Turkey walks economic tightrope between Iran and sanctions
Even as Turkey reduces its oil imports from Iran under pressure from the US and EU, the country is maintaining economic ties with its neighbour.
By Anna Wood for SES Türkiye in Istanbul -- 18/06/12
Just weeks before another set of US and EU-imposed economic sanctions on Iran's oil industry is to go into effect, Turkey sold record levels of gold to its nervous neighbour.
The Turkish Statistical Institute reported that in April Iran was Turkey's largest export market at $1.47 billion, $1.2 billion of which was gold. This represents an increase of more than four times the amount of gold sold by Turkey to Iran in the same period last year.
Economists see rising gold purchases over the past few months as an attempt by Iran to deflect some of the negative effects of sanctions that will become worse as conducting international trade becomes more difficult.
A ratcheting up of sanctions has forced Iran to move away from the dollar while the euro continues to be volatile. Economists believe that gold is seen as a dependable alternative as high inflation in Iran erodes savings and the Iranian currency loses value.
"Because of inevitable developments in Iran, the public's inclination towards precautionary savings and their simultaneous desire to have these savings in gold may have increased," Seyfettin Gursel, a professor of economics at Bahcesehir University, told SES Türkiye.
"From an economic perspective, this is a rational explanation," Gursel added. "We know that households in Turkey also hold great amounts of gold. There must be a large stock among jewelers, as well."
Djavad Salehi-Isfahani, an Iranian professor of economics at Virginia Tech and a non-resident senior fellow at the Brookings Institution, sees Iran's economic engagement with Turkey as a result of "unprecedented sanctions."
Iran "has been denied access to the global financial arrangements that have taken the world decades to construct, such as SWIFT," Salehi-Isfahani told SES Türkiye, referring to the Society for Worldwide Interbank Financial Telecommunication, the organisation that enables global financial institutions to make transactions in a secure, standardised environment.
"Iran now has to find creative ways to do without some of these facilities," Salehi-Isfahani explained. "So far, it has been turning to gold and local currencies of its trading partners as means of payments. Gold is also now its main instrument for keeping its international reserves."

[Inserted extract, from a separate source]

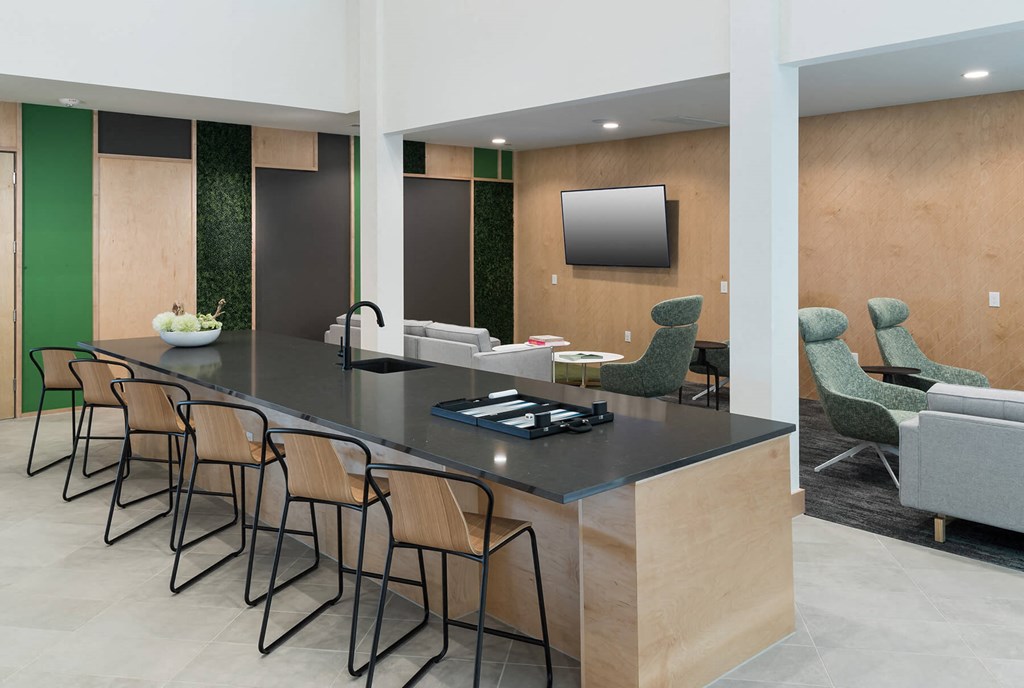 Clubhouse island seating at Jada Legacy Central Apartments in Plano TX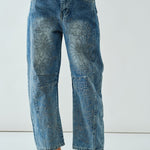 Front flat view of the Floral Embroidered Barrel Leg Jeans in medium wash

What complicates these transactions from a political perspective is Turkey's desire to be exempt from Iran sanctions, engage in trade that will help Iran evade the effects of those sanctions, and all the while maintain important economic, military and political alliances with the United States and the EU.
Currently, Turkey seems to be managing this balancing act.
Last week, less than two weeks after the huge gold sales were reported, Turkey's demand for exemptions from the US-backed sanctions was finally met. The US granted Turkey a 180-day exemption from Iran oil sanctions as a result of a nearly 20% cut Turkey made in Iranian oil imports in April.
Sanctions would have affected not only Turkey's energy stability, but also numerous other Turkish industries linked to international markets.
Turkey's trade with Iran has been growing dramatically in recent years. According to data from the Turkish Exporters Assembly and the Turkish Statistical Institute, the total value of goods and services traded between the two countries in the first eight months of 2011 was $10.6 billion, and the Iranian ambassador to Turkey predicted that the value in 2012 could easily reach $15 billion.
Given this profit incentive, as well as Turkey's ongoing -- and increasingly unrealistic -- desire to maintain a "zero problems with neighbours" foreign policy strategy, Turkey is loath to participate in economic sanctions.
Salehi-Isfahani predicts that Turkey's economic ties with Iran could easily grow in the near future. Ultimately, he explained "Turkey remains one of Iran's best options for staying connected to the rest of the world."